Chairman John Waterhouse said in a statement to the stock exchange this was driven by “management actions to decrease costs, including reducing staff numbers”.
He said: “Current trading conditions are still tough with no visible signs of recovery.
“The board nevertheless believes that your group remains in a reasonable position to take advantage of opportunities for expansion and any upturn in the economy whenever that may occur.”
HC Slingsby, which dates back to 1893, manufactures and distributes more than 35,000 products for the workplace; from handling and lifting and premises equipment to retail and office supplies.
Mr Waterhouse said: “The decision taken in September 2011 to source more product lines from the Far East and hold larger quantities of our fast moving lines to facilitate next-day delivery also helped us to maintain margin in a very competitive market.”
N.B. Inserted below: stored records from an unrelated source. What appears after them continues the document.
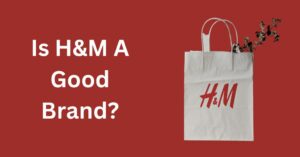 H&M good brand
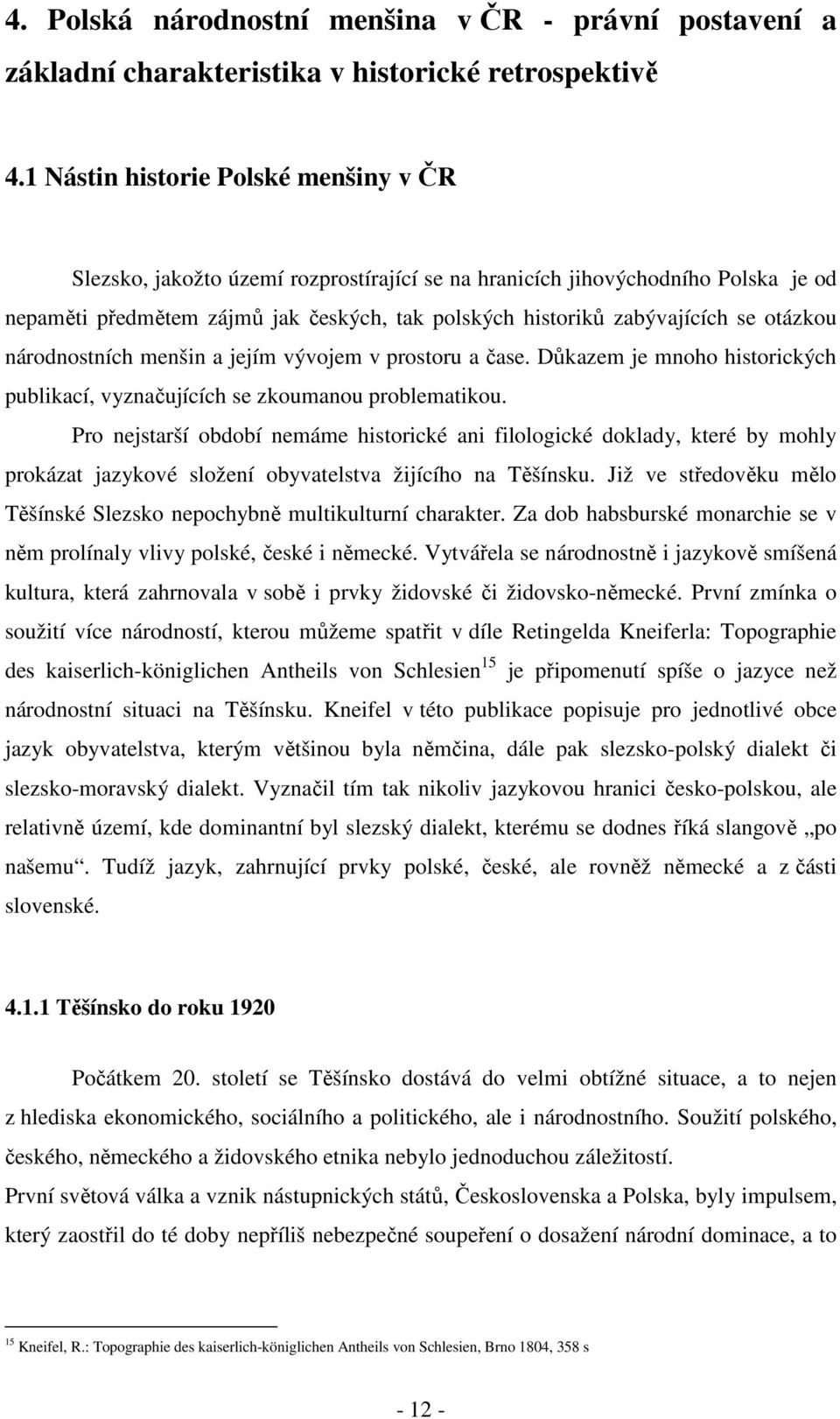 otázkou národnostních menšin a jejím vývojem v prostoru a čase. Důkazem je mnoho historických publikací, vyznačujících se zkoumanou problematikou.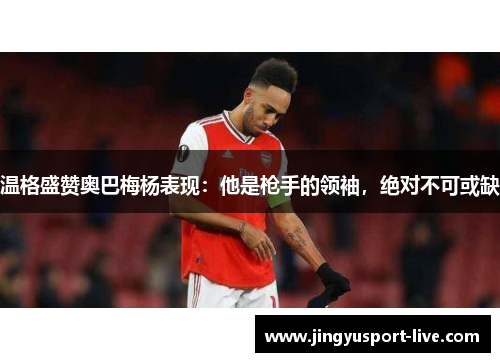 温格盛赞奥巴梅杨表现：他是枪手的领袖，绝对不可或缺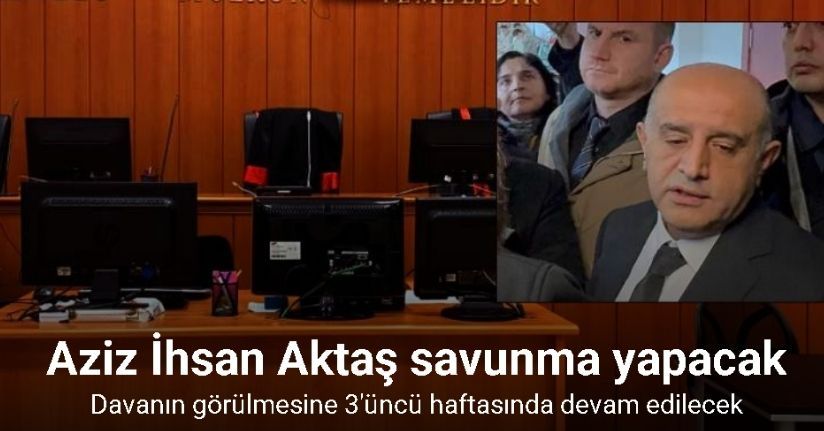 Aziz İhsan Aktaş dahil 167 tutuksuz sanık savunma yapacak
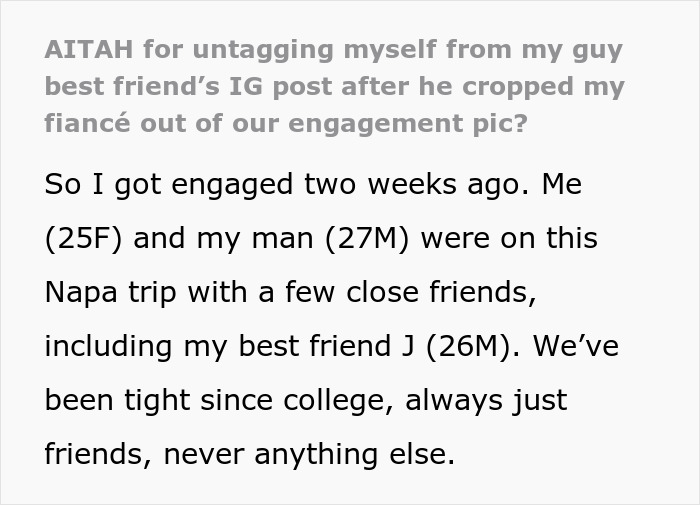 Woman untags herself from best friend's IG post after fianc&eacute; cropped out of engagement photo.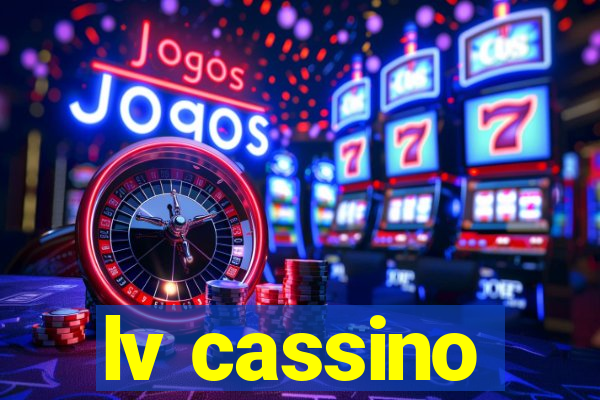 lv cassino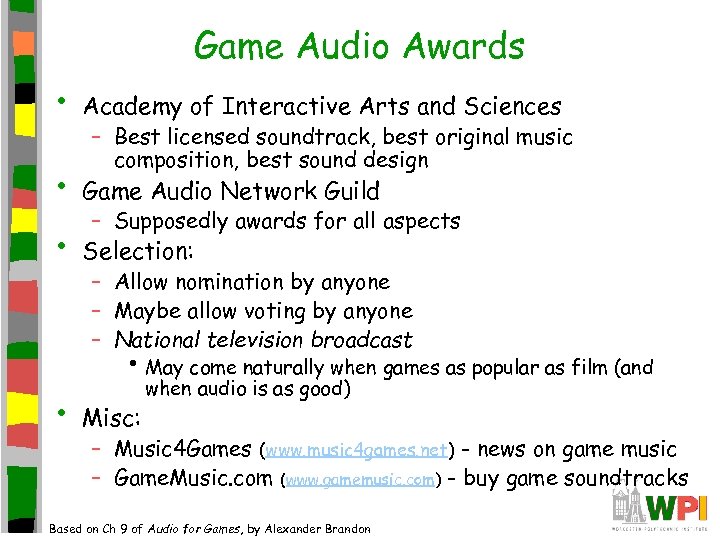 Game Audio Awards • Academy of Interactive Arts and Sciences • Game Audio Network
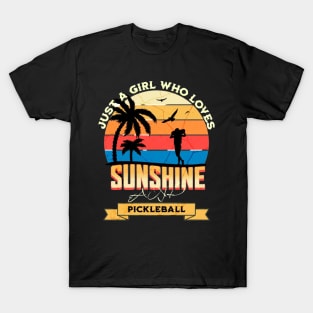 Just A Girl Who Loves Sunshine And Pickleball Retro Vintage Gift T-Shirt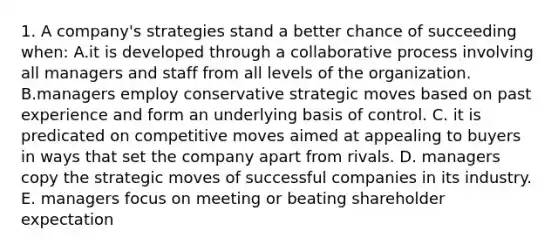 1. A company's strategies stand a better chance of succeeding when: A.it is developed through a collaborative process involving all managers and staff from all levels of the organization. B.managers employ conservative strategic moves based on past experience and form an underlying basis of control. C. it is predicated on competitive moves aimed at appealing to buyers in ways that set the company apart from rivals. D. managers copy the strategic moves of successful companies in its industry. E. managers focus on meeting or beating shareholder expectation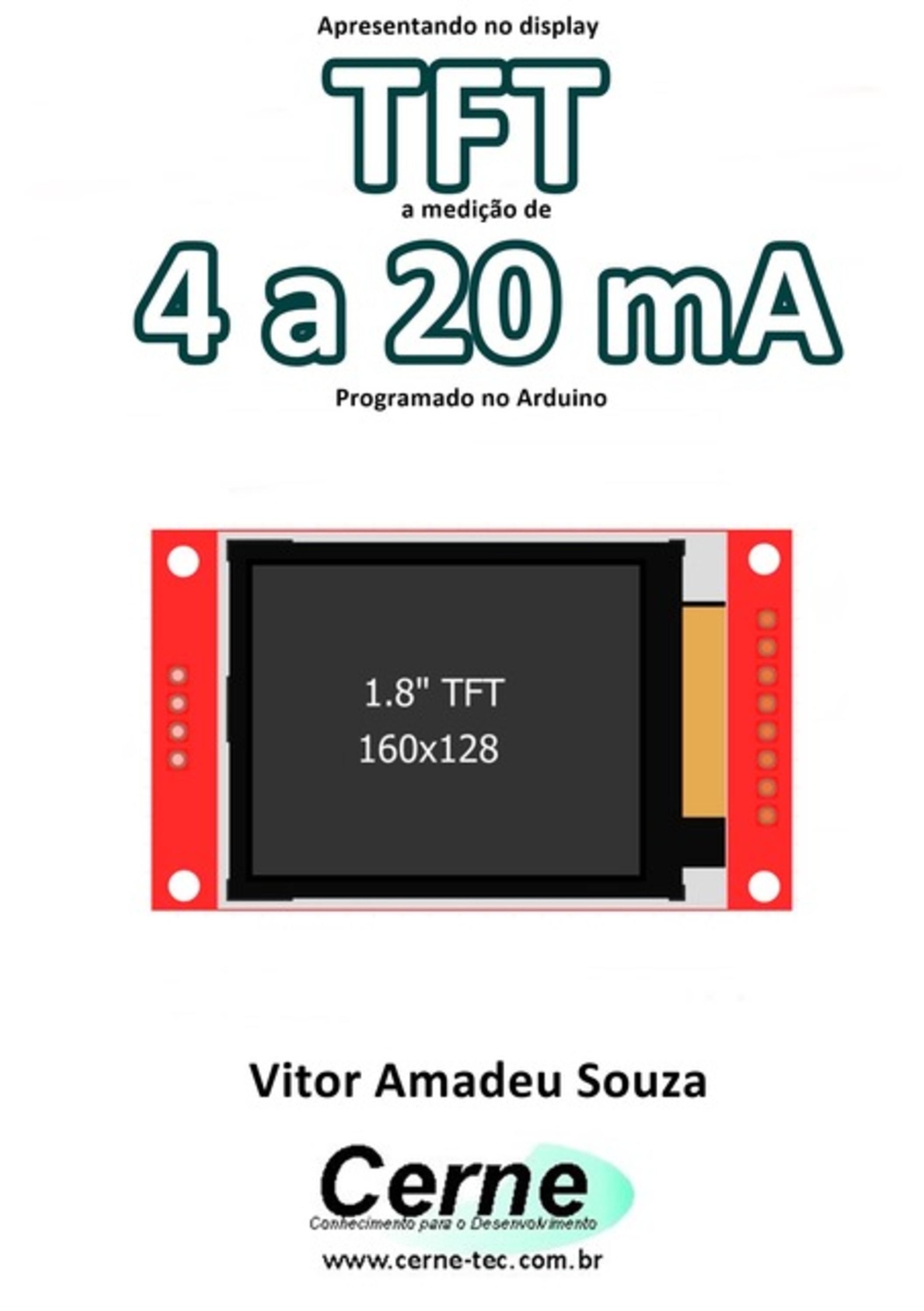 Apresentando No Display Tft A Medição De 4 A 20 Ma Programado No Arduino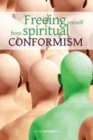 Freeing oneself from spiritual conformism - Book
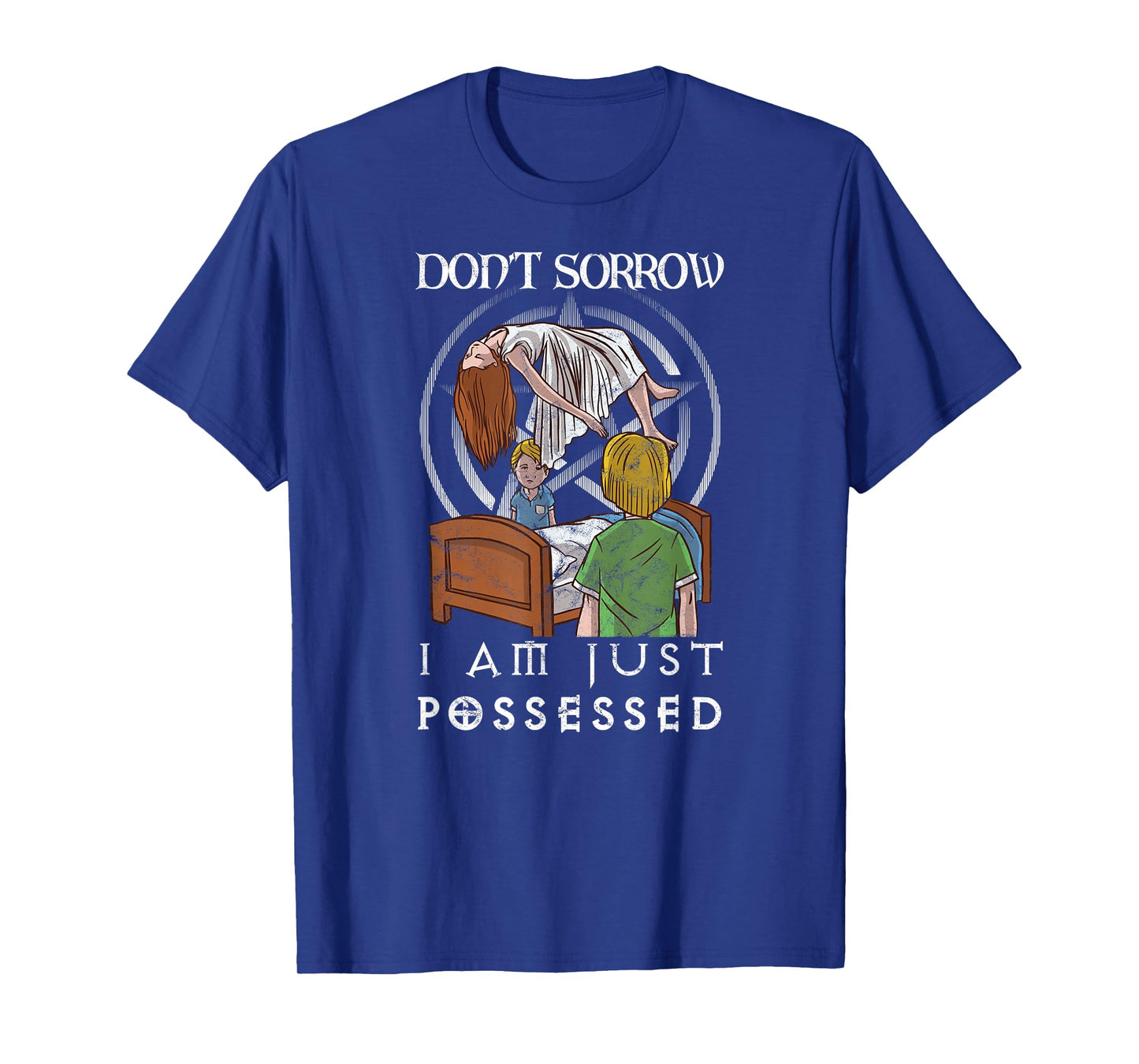 Don't Sorrow I AM JUST Possessed Occult Witchcraft Gothic T-Shirt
The group, which had net cash of £3m at June 30, said it incurred exceptional redundancy costs of £100,000, resulting in operating profit, post-exceptionals, of £300,000, compared to £400,000 in 2011.
The deficit on the group’s defined benefit pension scheme increased to £10.7m, “primarily due to lower bond yields increasing scheme liabilities and, to a lesser extent, weaker equity market returns”. The board recommended an unchanged interim dividend of 4p.
HC Slingsby saw pre-tax profits fall from £1.1m to £400,000 for the year to December 31, 2011. Sales fell from £16.7m to £15.2m.